TASK DIRECTIONS
With pictures left out, output exactly the lines from the line holding "Morality word cloud image" through the end of the data, both included.

(Captioned web image data)

- Opening Delimiter -

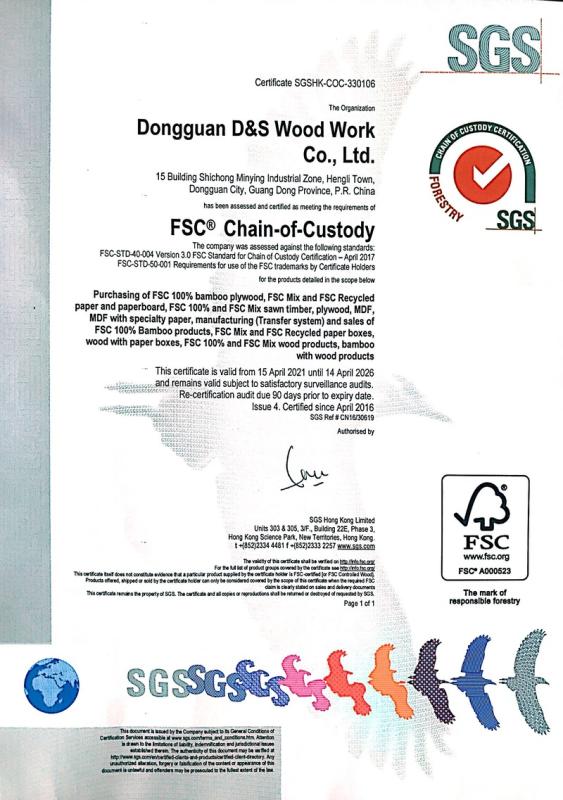 FSC - Dongguan D&S Wood Work Co., Ltd.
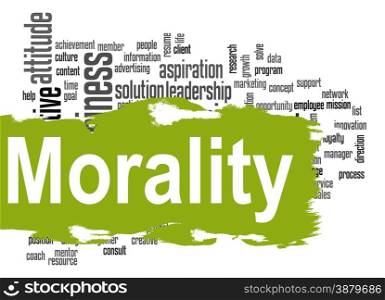 Morality word cloud image with hi-res rendered artwork that could be used for any graphic design.. Morality word cloud with green banner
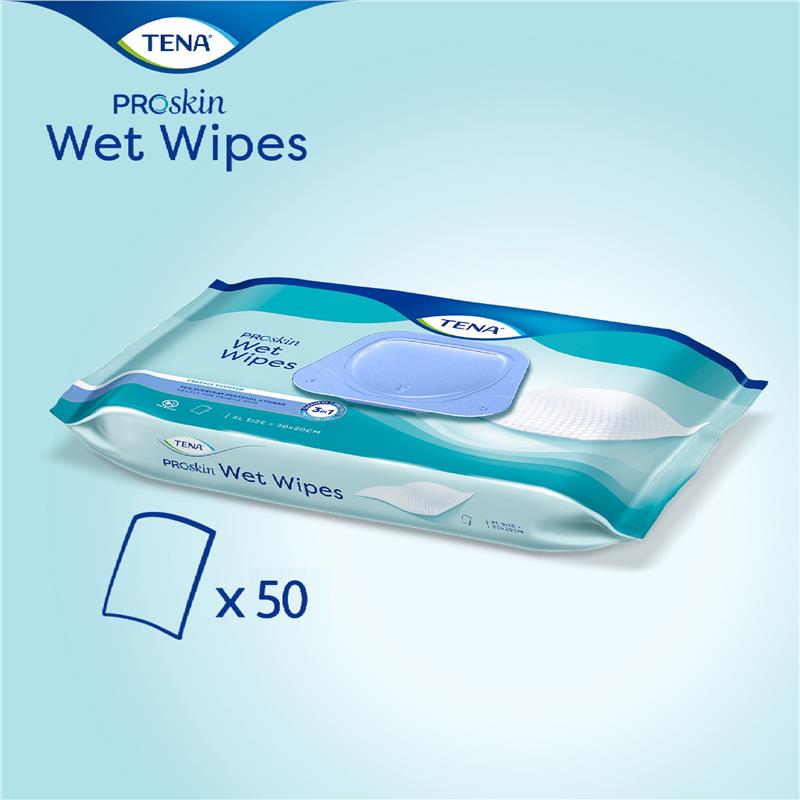 TENA ProSkin Adult Wet Wipes 50 Pack – Gentle Incontinence Care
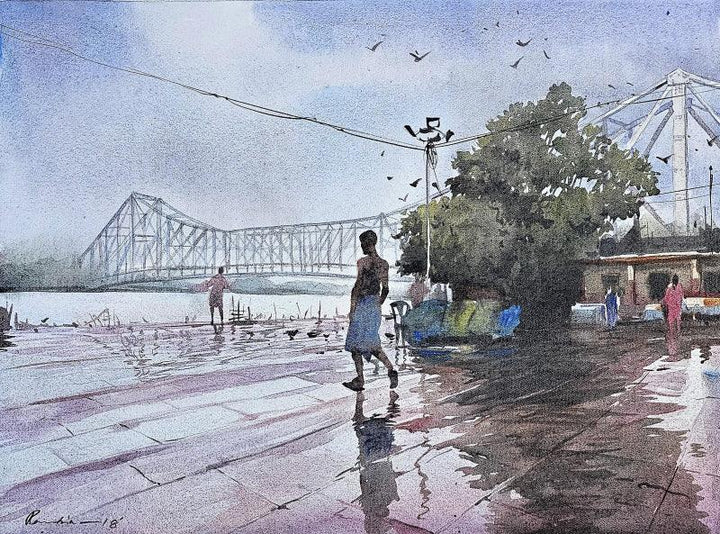 Cityscape acrylic painting titled 'Howrah Bridge Kolkata', 18x24 inches, by artist Ranabir Saha on Canvas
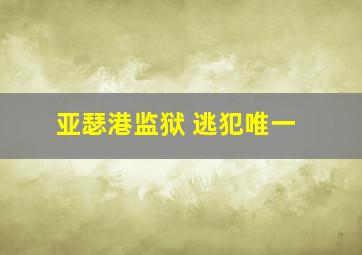 亚瑟港监狱 逃犯唯一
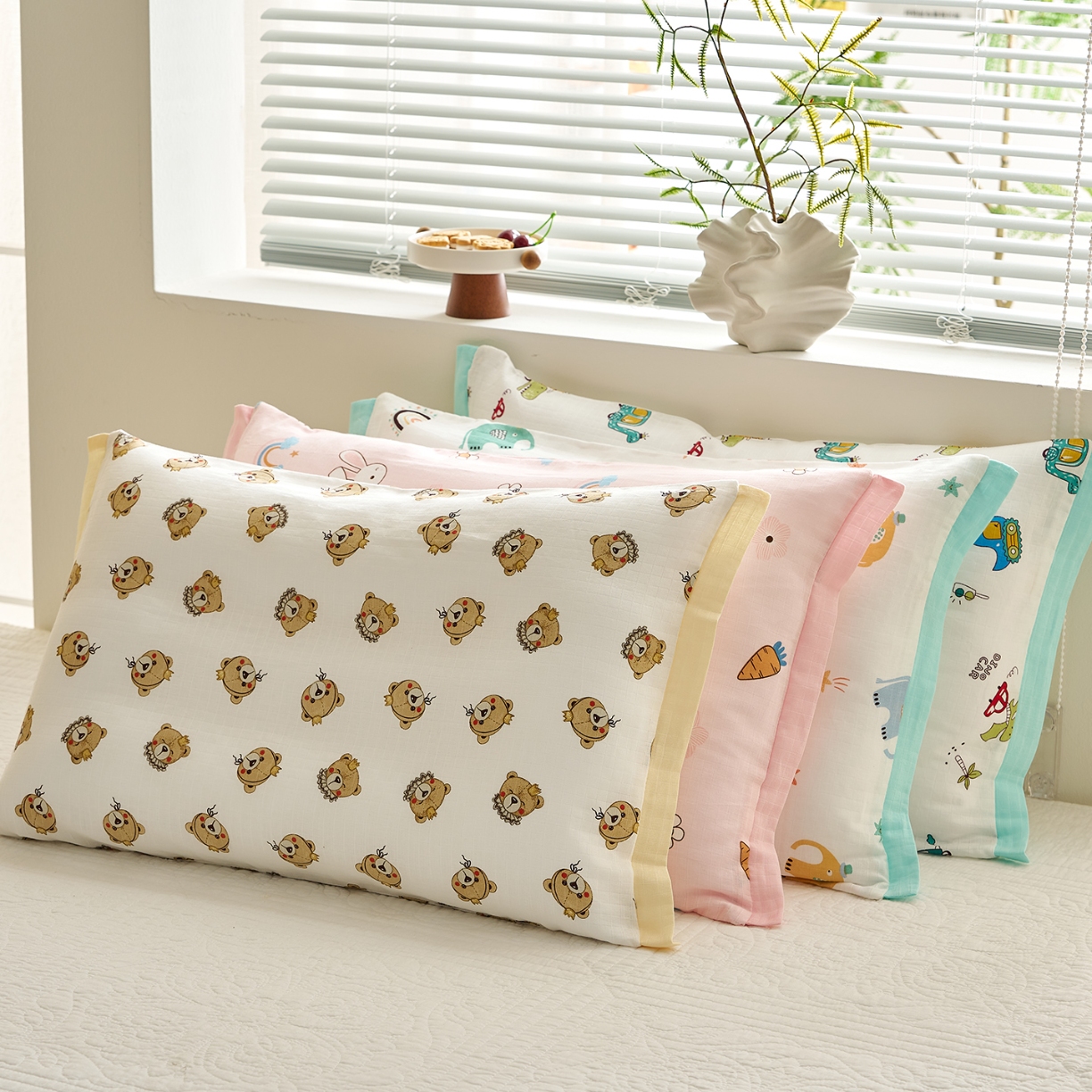 91家纺网 家纺一手货源 找家纺 （总）乐可 2025新款双层纱宽边儿童枕套学生枕头套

- Closing Delimiter -

EXERCISE RESULT
 Morality word cloud image with hi-res rendered artwork that could be used for any graphic design.. Morality word cloud with green banner
 TENA ProSkin Adult Wet Wipes 50 Pack – Gentle Incontinence Care
 Cityscape acrylic painting titled 'Howrah Bridge Kolkata', 18x24 inches, by artist Ranabir Saha on Canvas
 亚瑟港监狱 逃犯唯一
 91家纺网 家纺一手货源 找家纺 （总）乐可 2025新款双层纱宽边儿童枕套学生枕头套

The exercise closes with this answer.